Na faixa seguinte, Ney ratifica o pensamento de Leon Tolstoi. Ele pintou com tintas e nuances universais uma das mais emblemáticas composições da aldeia da MPB setentista. E se valeu de cítaras e distorções típicas indianas para a psicoativa (con)versão de Corsário, dos incendiários João Bosco e Aldir Blanc, dupla que foi dissolvida pelo sopro dos anos. O clássico popular absolveu as inúmeras brasilidades amparadas numa bela (e derradeira) roupagem progressiva. De arrepiar!
Corsário, de João Bosco e Aldir Blanc
Não existem pausas entre as faixas, que são fundidas uma as outras, tecendo um interessante mosaico sonoro com sons de natureza e experimentações vocais. O lado A ainda inclui a audaciosa Açúcar Candy (que Ney eleva para outro patamar) e Pedra de Rio. Fecha com um clássico instantâneo: Idade de Ouro, num misto de roque com baião psicoativo, recheado de metais, riffs e doses cavalares de distorções.

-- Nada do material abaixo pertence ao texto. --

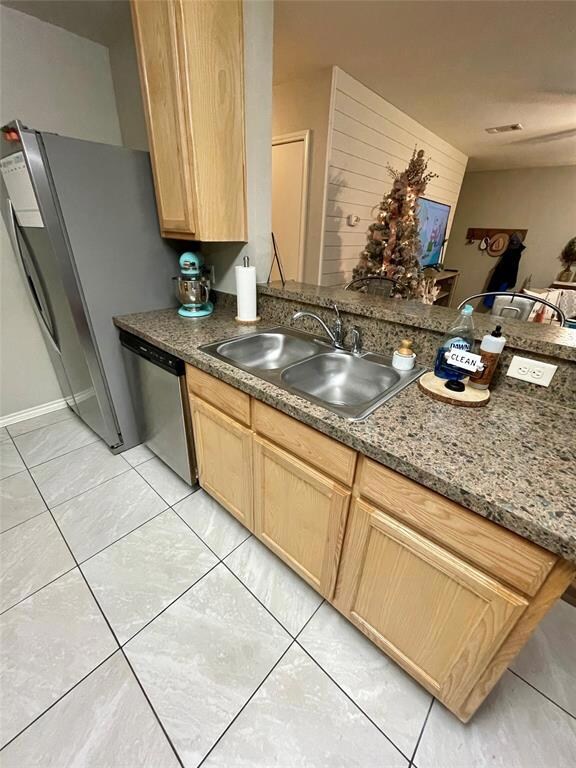 202 W Oak St, Decatur, TX 76234 - photo 7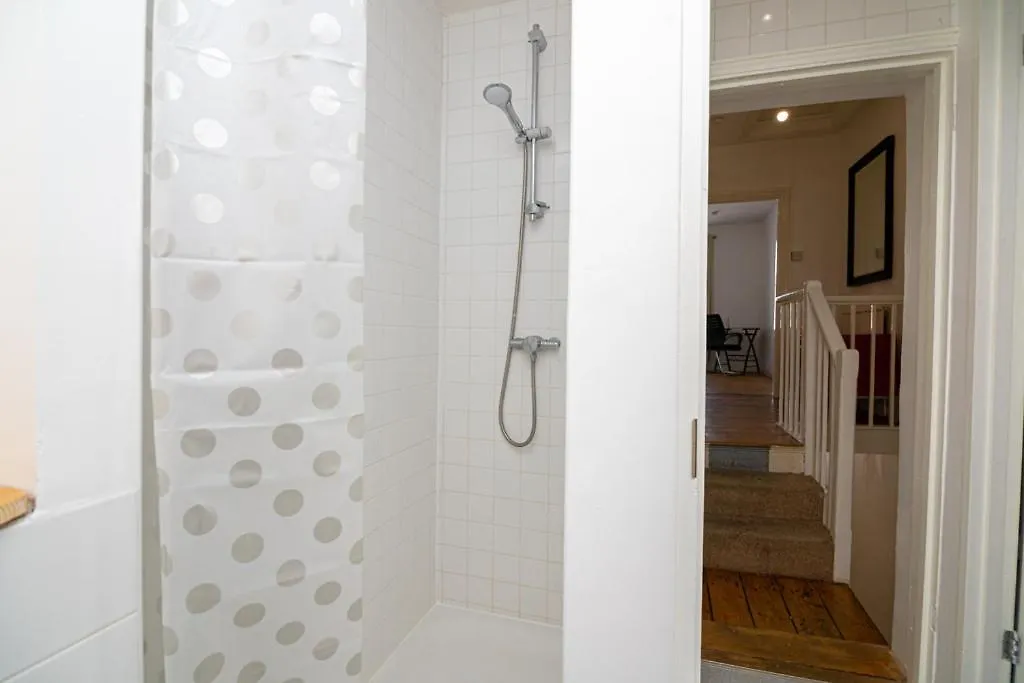 בית הארחה לונדון Refurbished Double Bedroom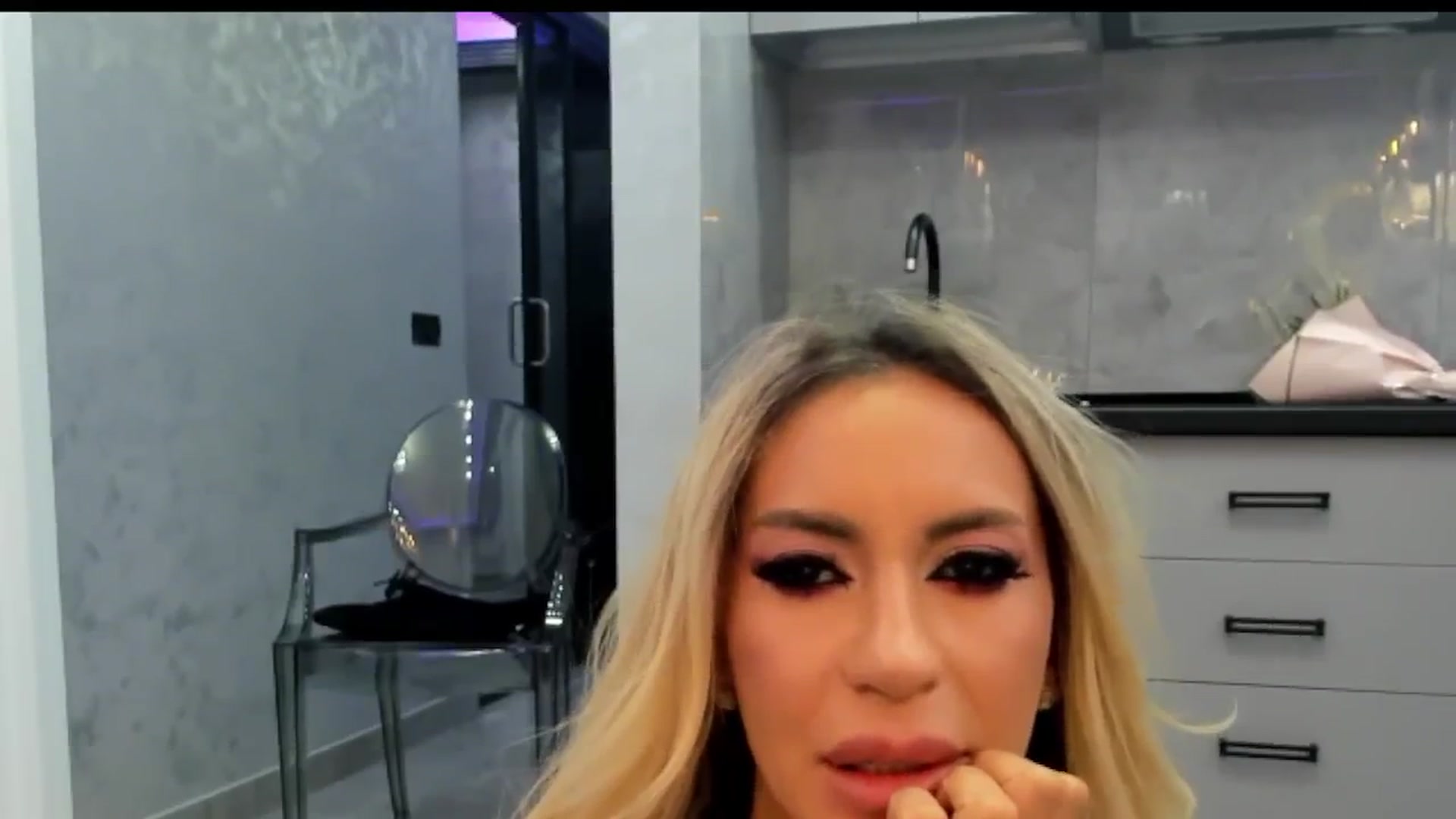 Gallery image thumbnail from Missy_alena's myfreecams stream on, 08/15/2025, 22:43 image 13 of 20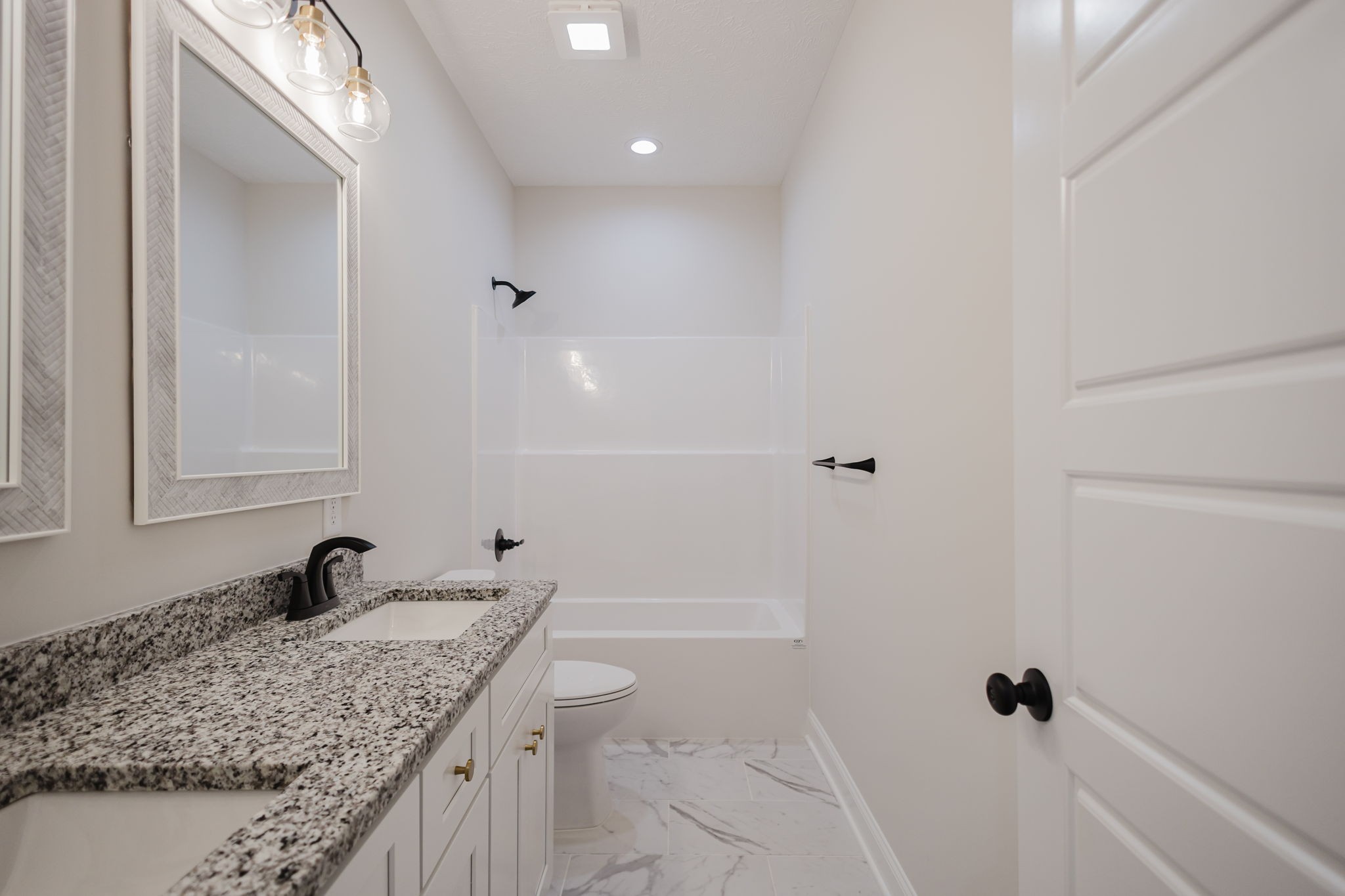 850 Lower Halls Mill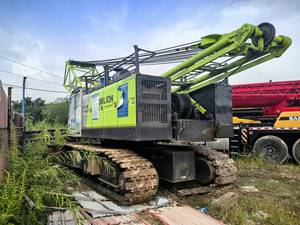 Grúa sobre orugas Zoomlion 850 85t usada para construcción pesada - Product Image 3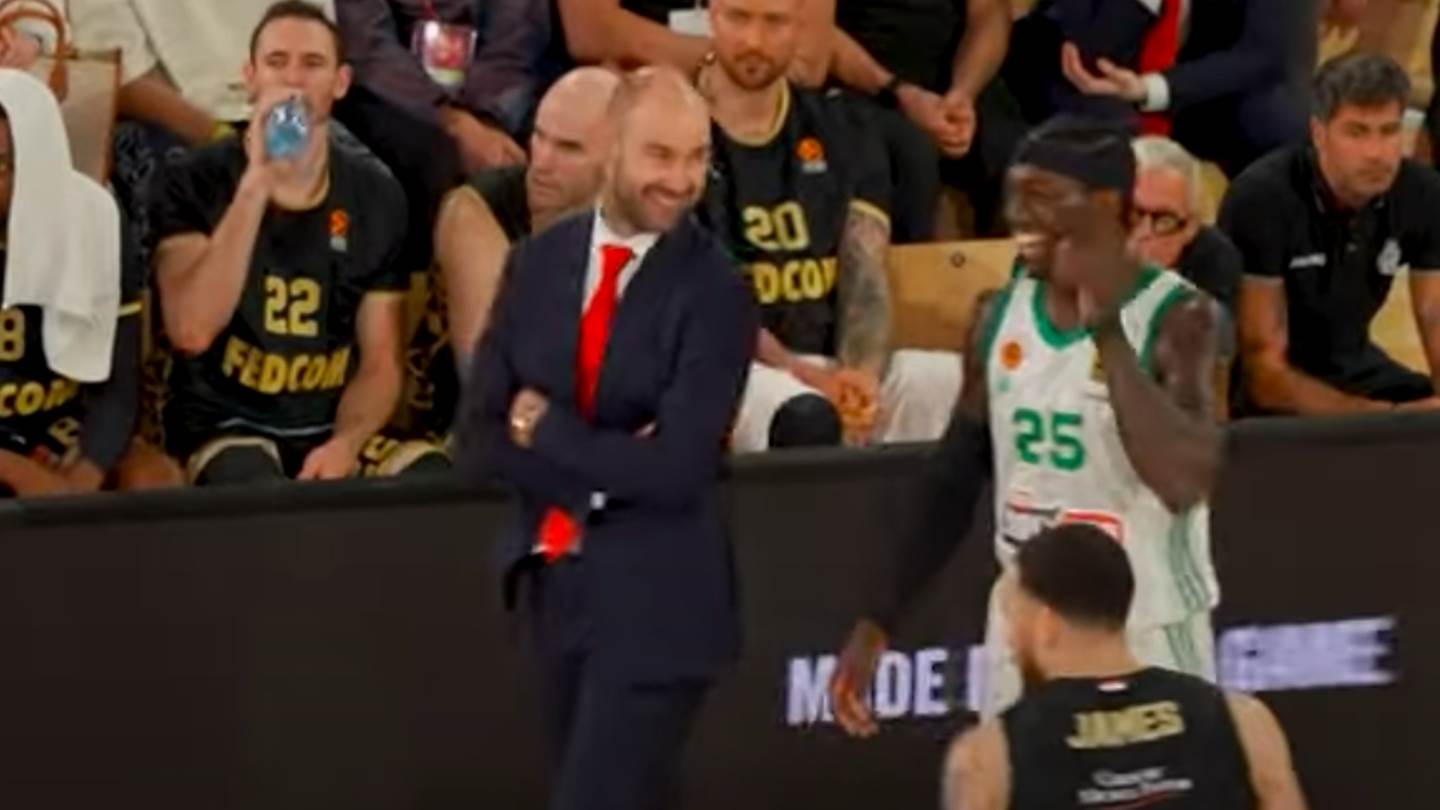 Σπανούλης σε Nunn: 'Είσαι τυχερός που έχω αποσυρθεί'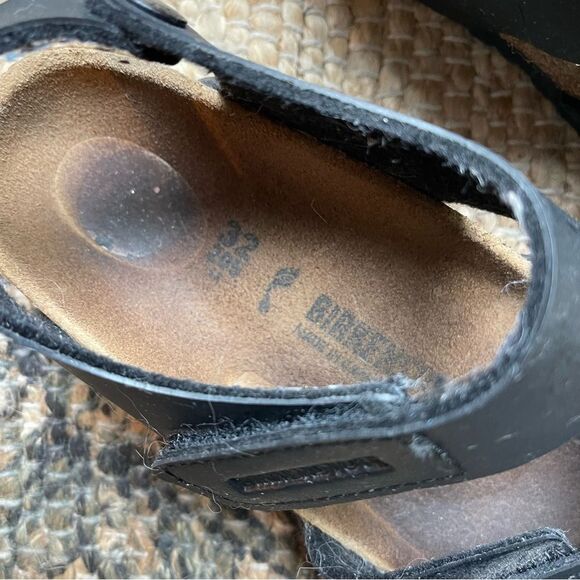Kids Birkenstock Black Sandals size 32- youth 1 - Picture 2 of 6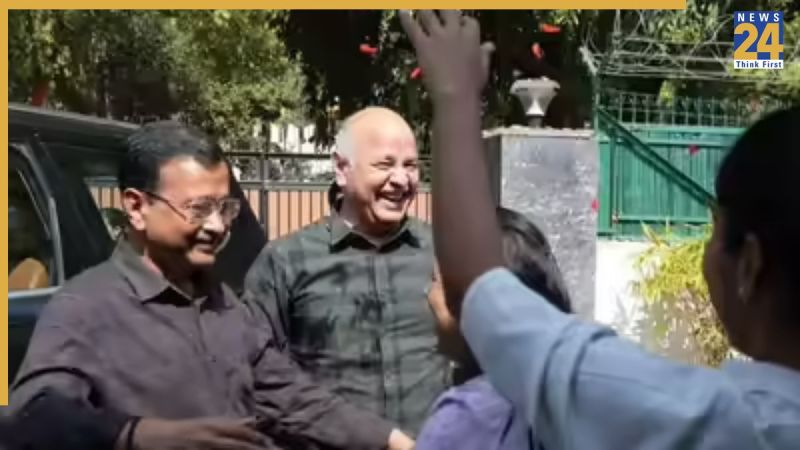 Arvind Kejriwal And Manish Sisodia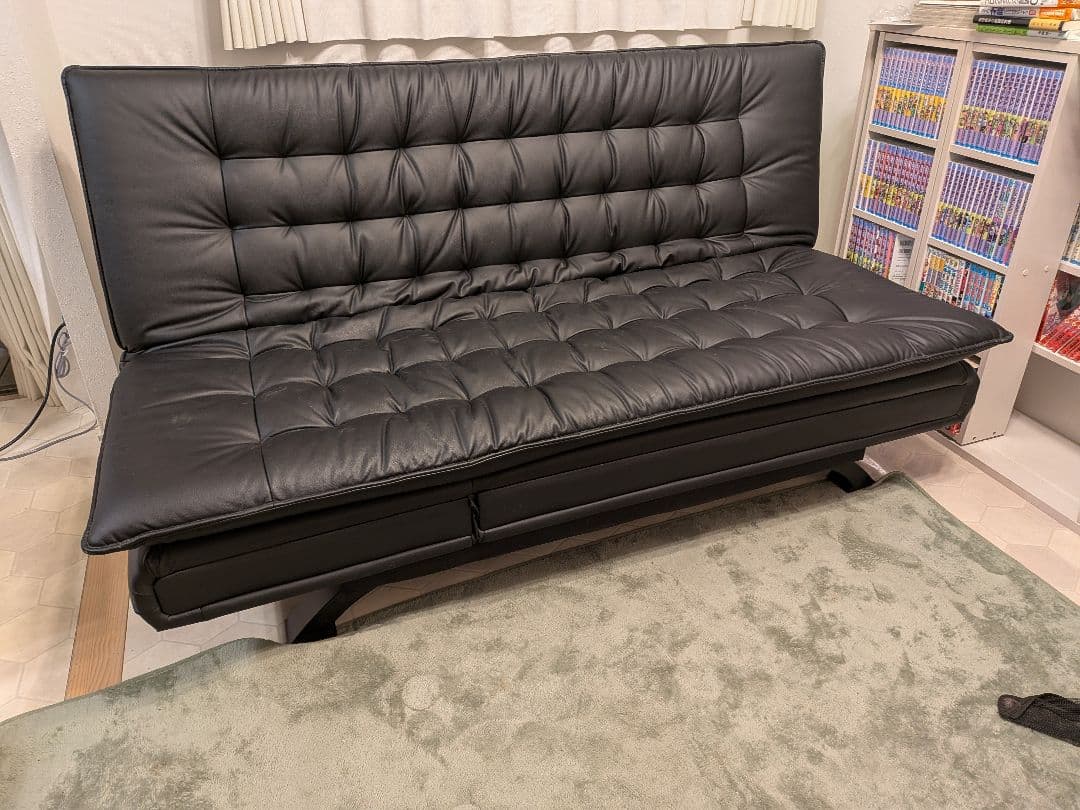 R*.様 ニトリ 傷・汚れに強い合成皮革 ソファベッド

A segunda metade do vinil deixa evidente o perfeccionismo de Ney e também outras duas características que ainda o acompanham: dar vida nova e arranjos sensacionais a grandes composições de seu tempo. E a fase progressiva de Milton Nascimento ganha espaço com a sensacional releitura de Bodas (parceria de Bituca e o cineasta moçambiquense radicado no Brasil, Ruy Guerra).
A contestadora canção apareceu pela primeira vez no clássico Milagre dos Peixes – Ao Vivo, registrado em 1974, com o Som Imaginário. Basicamente acústica, a faixa conta com pouco mais de 5 minutos de uma intensidade dramática interpretada por Milton. No ano seguinte, Ney transformaria a música numa peça progressiva, com arranjos experimentais e performance vocal (perdão, Bituca!) a ponto de igualar ao seu autor (não me atrevo a usar o adjetivo superar). Por si só, a música colocaria o Água no Céu-Pássaro entre os mais fantásticos registros fonográficos do Brasil.
Versão da clássica Bodas, de Milton e Ruy Guerra
https://www.youtube.com/watch?v=plvtbi2CsJk
Mais ainda tem mais. Na sequência, Ney tempera com substâncias psicoativas e cores vivas um fado. Mãe Preta (Barco Negro) – de David Mourão e Ferreira, imortalizada por Amália Rodrigues – é de uma beleza estética a emocionar a alma com a performance carregada de elementos da melhor safra do psicodelismo mundial. O disco se completa com o clássico caribenho Coubanakan e a sensacional América do Sul.
Ney cumpriria mais dois álbuns pela Continental, mantendo a verve mais roqueira – chama que ainda queima em faixas de seus trabalhos atuais –, porém menos aberto ao experimentalismo. Bandido (1976) e Pecado (1977) trazem excelentes repertórios, com tratamento específico por faixas (mudança que passaria a dominar o mercado fonográfico nacional até os dias atuais).
Os três discos juntos com alguns compactos ganharam versões digitalizadas na década de 90. O resultado não agradou aos mais críticos, já que devido ao péssimo estado de conservação das fitas másteres a captação se deu a partir de vinis da época. Os raros discos originais são disputados a peso de ouro nos sebos brasileiros, europeus e do Japão.